Pluie de sueurs (3ark el chta) est un hymne à l’amour dans sa forme la plus authentique à travers le regard que transcrit Hakim Belabbes dans ce long-métrage.
L’histoire que raconte Hakim Belabbes dans le film est inspirée d’une rencontre qu’il avait fait, il y a de cela 17 ans dans son village natal de Bejaâd au Maroc. L’homme qu’il rencontra était vêtu d’une vielle djellaba transparente et venait de sortir de l’hôpital. Il lui confia avoir perdu sa femme et ses enfants après avoir été dépossédé de ses biens.
Tel que le confiait le réalisateur, l’absence de dignité qui caractérisait cette situation l’a profondément marqué à une période de sa vie où lui-même passait par une période de déprime.
Cet évènement marquant a finalement pris forme à travers une œuvre cinématographique touchante qui s’attarde sur la vie d’une famille de fermiers qui doit affronter les difficultés de la vie alors que tous les espoirs leurs sont enlevés.

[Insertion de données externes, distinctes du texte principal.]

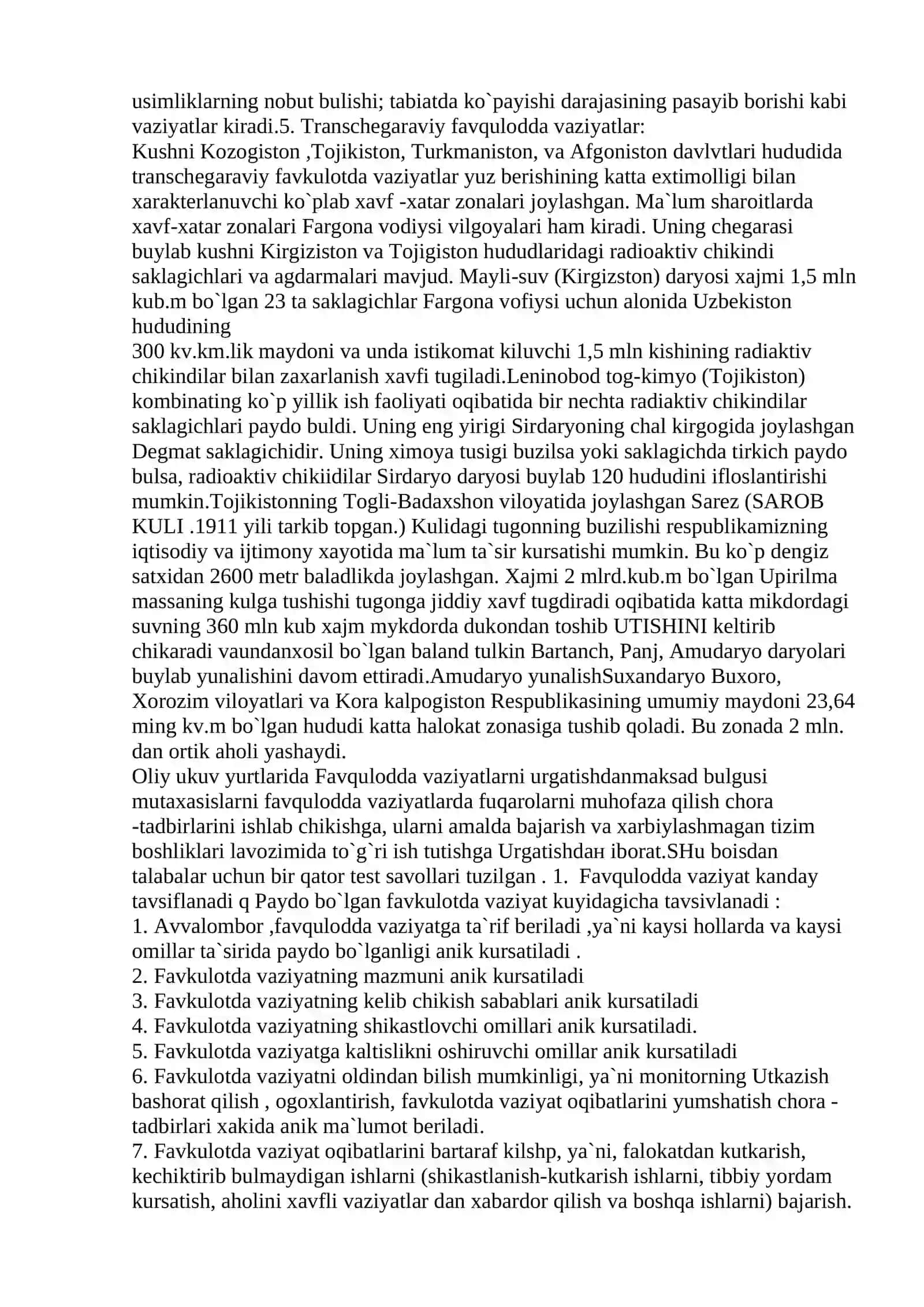 Ekologik xususiyatli favqulodda vaziyatlar 2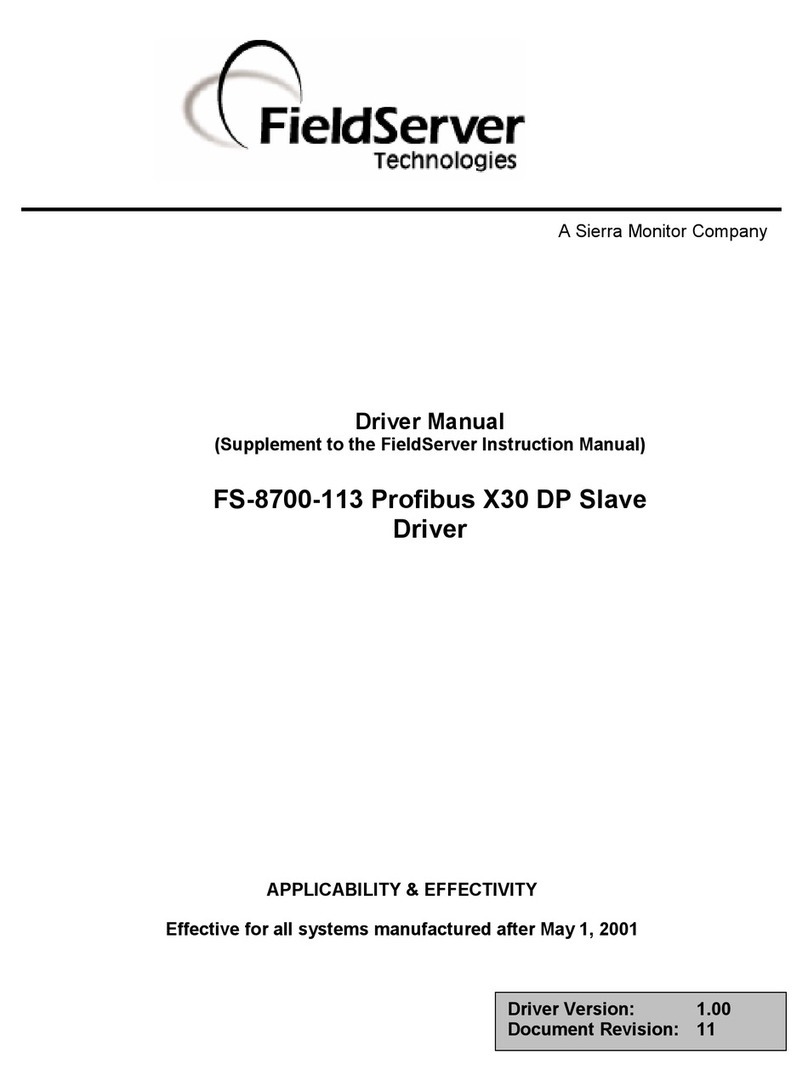 FieldServer Profibus FS-8700-113 manual&nbsp;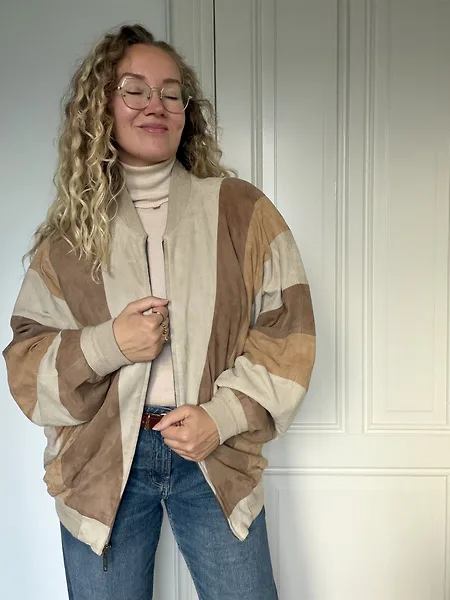80s Beige Suede Colorblock Bomber, photo 6
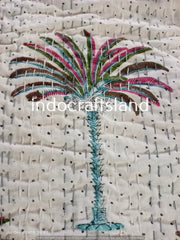 Vintage Hand Block Printed Double size Bohemian Kantha Quilt, Indian kantha Bedspread Hand Stitched Cotton kantha Throw Blanket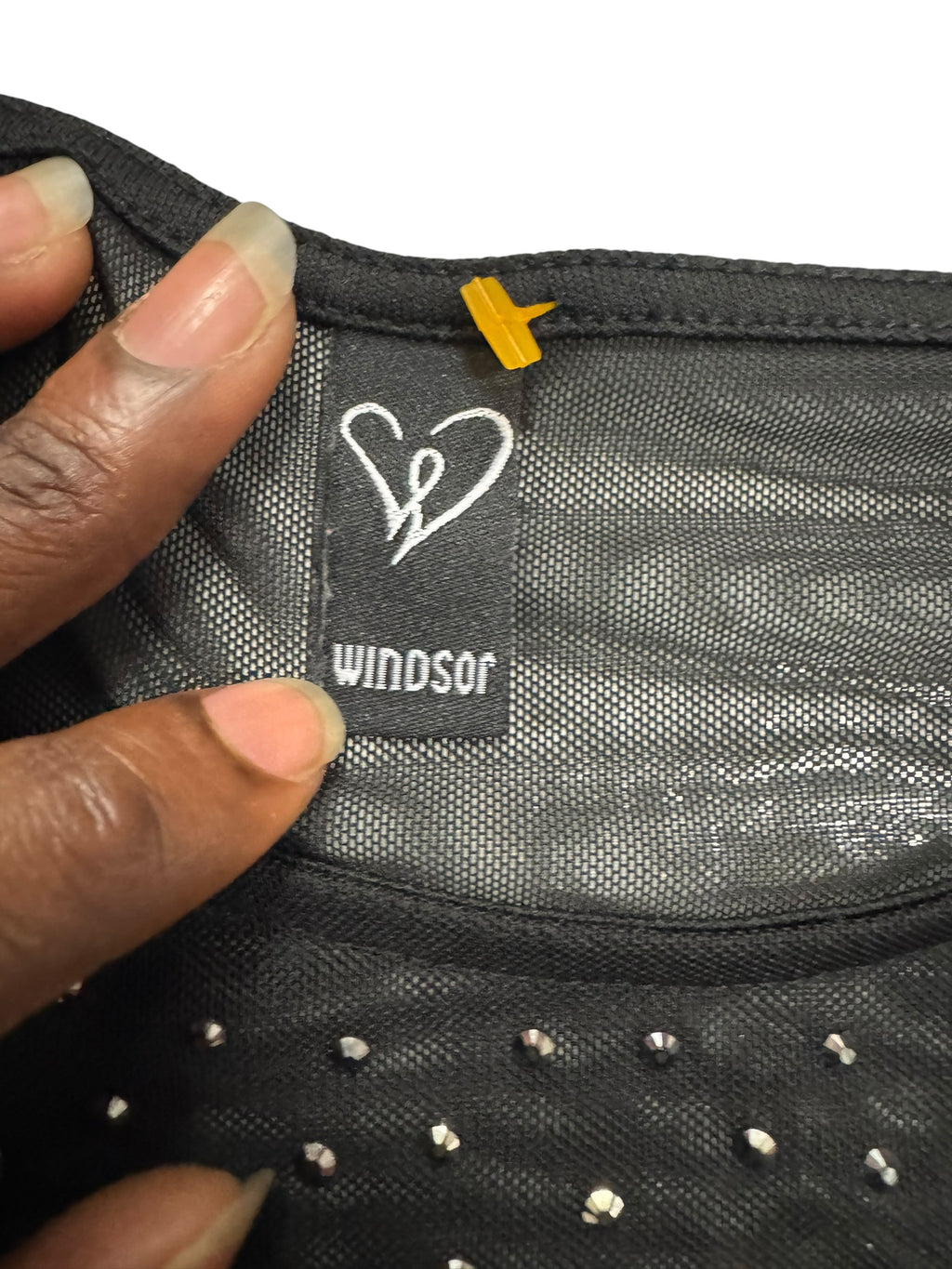 Windsor Mesh Bedazzled Long-sleeve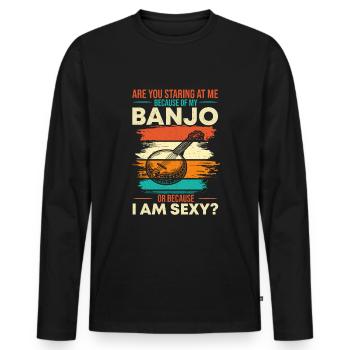 Bluegrass Banjo - Männer Premium Bio Langarmshirt - Schwarz - Vorne - Nico (187cm)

Mbarek et son épouse vivent sur une terre qui se meurt. Mbarek veut à tout prix conserver la terre de ses ancêtres alors que plus rien ne pousse dessus. Les puits d’eau se sont asséchés et il croule sous les dettes d’une banque qui veut lui saisir ses biens et un entourage qui lui conseille de tout lâcher.
La fierté de cet homme de famille est ancrée en lui et il s’acharne à creuser des trous à bout de bras dans l’espoir de trouver de l’eau. Il pioche inlassablement la terre et se renferme sur lui-même. Amine Ennaji interprète le personnage de Mbarek qui porte un regard dur sur la vie. Il ne veut pas renoncer devant la responsabilité de prendre soin sa famille et de son père à moitié fou. Son fils Ayoub est interprété par Ayoub Khalfaoui, un acteur trisomique qui réussit à toucher les spectateurs à travers la sincérité de son rôle. Fatima Zahra Banacer interprète quant à elle le rôle de Ayda l’épouse de Mbarek.

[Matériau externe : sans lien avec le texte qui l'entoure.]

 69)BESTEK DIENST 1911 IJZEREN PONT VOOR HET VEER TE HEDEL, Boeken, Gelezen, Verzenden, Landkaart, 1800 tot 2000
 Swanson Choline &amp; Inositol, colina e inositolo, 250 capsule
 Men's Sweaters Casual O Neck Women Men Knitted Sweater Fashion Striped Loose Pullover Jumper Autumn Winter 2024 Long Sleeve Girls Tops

Le jeune Ayoub est le malheur du père et la bénédiction de la mère qui tente tant bien que mal d’épauler un homme assombri par la vie.

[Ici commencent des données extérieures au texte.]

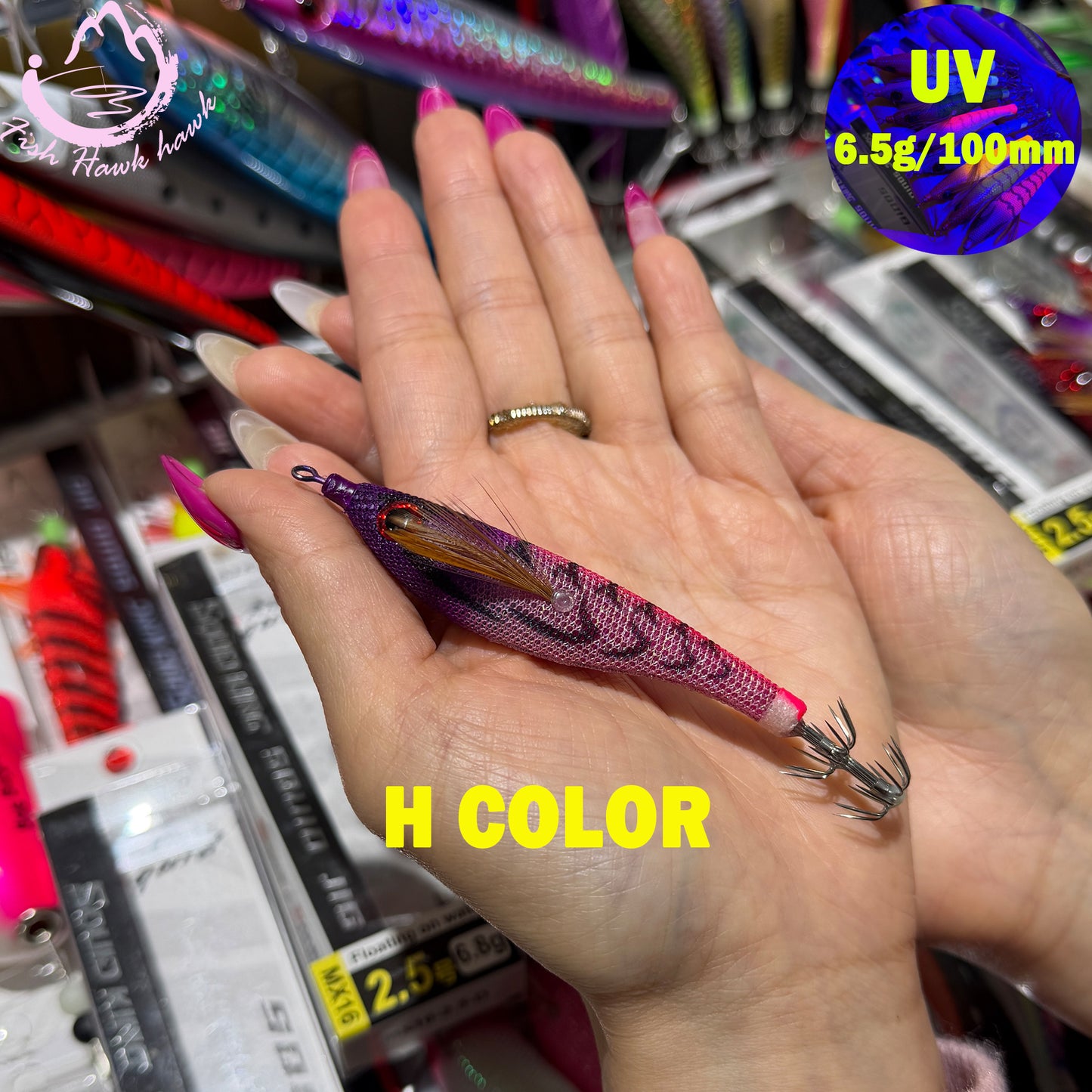 New Wholesale 2.5# Squid Jigs 6.5g 10cm UV Luminous PVC/ABS Shrimp Bait Glow Night Fishing Lures 3D Eyes Stainless Squid Hook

D’ailleurs, on a l’impression que tous les malheurs du monde s’abattent sur cette famille puisque la malchance s’acharne sur ses membres. L’infortune est le quotidien de ces paysans dans ce Maroc profond qui semble figé dans le temps.
Hakim Belabbes qui a travaillé sur le tournage du film pendant trois semaines avouait que de nombreuses scènes avaient été supprimées ou modifiées. Une part d’improvisation caractérise le film puisque le réalisateur ne pouvait diriger le jeune Ayoub qui est attient de trisomie. C’est d’ailleurs le point fort de ce long-métrage qui s’est construit naturellement à travers le jeu authentique des personnages, ce qui lui a valu d’abord d’être projeté au 33e festival International du cinéma Vues d’Afrique et de remporter en plus le Prix du Meilleur long métrage.